The strong southerly winds gusting to 30 miles per hour have kept me under 70 miles the past two days. Yesterday was one of the few days in these travels where I didn't pass a town with a library. I was on a lightly traveled secondary road known as the "Prairie Passage" with towns of less than 1,000. Now that I'm in more fertile terrain there are more towns and roads to choose from. Its not as forested as I would like with much of the land under cultivation--sugar beets and soy beans and corn and wheat. The occasional clump of trees temporarily blocks the wind, allowing my speed to spurt from ten miles per hour to almost fifteen, but not for long. I didn't even average eleven miles per hour yesterday.

I camped in a clump of trees last night on the White Earth Indian Reservation about ten miles north of Detroit Lakes. The local radio station was fully devoted to the harvest, giving advice and even interviewing the owner of the local hardware store on what products he had to help. There were commercials for fertilizers and seeds and crop insurance and a flat tire repair service that would come directly to the fields. I have to cover my face when I pass a field where a tractor is at work stirring up the dirt and crop fragments.

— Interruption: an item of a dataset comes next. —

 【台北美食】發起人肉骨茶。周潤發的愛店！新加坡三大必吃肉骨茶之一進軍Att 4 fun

Detroit Lakes was on my route as it had a Carnegie, my second of Minnesota's 66 Carnegies, fourteen  more than in all of Montana, North Dakato, Idado and Wyoming. This one was on level enough ground and on a corner lot large enough that it could accommodate an extensive expansion. The former entrance looking out onto the town's main street was now closed and barricaded by a chest-high hedge. The front facade of the prominent yellow brick building was engraved with "PVBLIC LIBRARY" and "CARNEGIE" below it. A band of white stone beneath the roof was ornately carved. It too was a most grand building town could be proud of.

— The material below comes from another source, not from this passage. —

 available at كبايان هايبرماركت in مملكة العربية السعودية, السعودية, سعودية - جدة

Not only do I now have a choice of many roads to choose from, I also have a much wider choice of radio stations to listen to at night before I dive into my latest book, a biography of Napoleon, a book I picked up at a library along the way. At the entry of nearly every library I've visited is a shelf or two of books for sale, usually about fifty cents for the paperbacks and sometimes for free. Whether I need a book or not, I always check the selection, though there's rarely much for my tastes.

I was desperate enough early in the trip to give an Oprah book a read, "A Map of the Heart" by Jane Hamilton. Its the first time that I've knowingly read one of her recommendations. I couldn't resist a book with "map" in its title, even though the blurbs on the book jacket gave no indication what it was about, only that it had made the top ten list of several publications for book of the year in 1994.

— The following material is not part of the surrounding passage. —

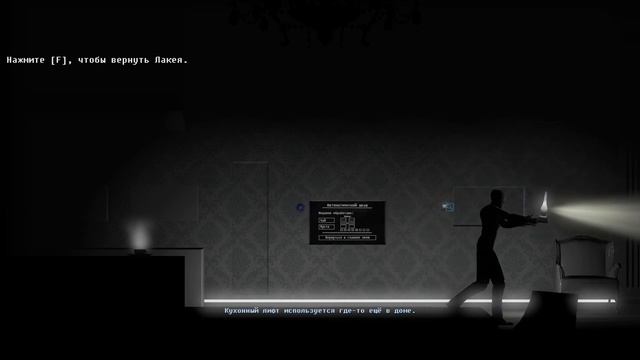 Спасти себя | 1 | The Fall Part 2: Unbound смотреть онлайн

The book turned into a very good read, even though it had nothing to do with maps. It was written as a first person narrative of a husband and wife who are making an attempt at farming in Wisconsin outside of Racine. A neighbor's two-year old daughter drowns in their pond and then the wife is accused of child molestation on her job as the grade school nurse. She can't meet bail so spends three months in jail. There the highlight of her day is the Oprah show. The book warranted recommendation by Oprah even without this added assist, though Oprah waited until 1999, five years after the book was written, when the movie of the book was released, to add it to her book club.

Hamilton's first book, "The Book of Ruth," was Oprah's third selection in 1996, the year she began her club. She is just one of several authors to have been chosen more than once. Toni Morrison has had four books chosen, the most of any author among Oprah's list of 65 books. Bill Cosby and William Faulkner have had three each.

Last night for the first time since I left Telluride I found an NPR station. I occasionally pulled in a CBC station when I was closer to the Canadian border, a virtual NPR station, likewise commercial free. But my book always takes precedence over the radio.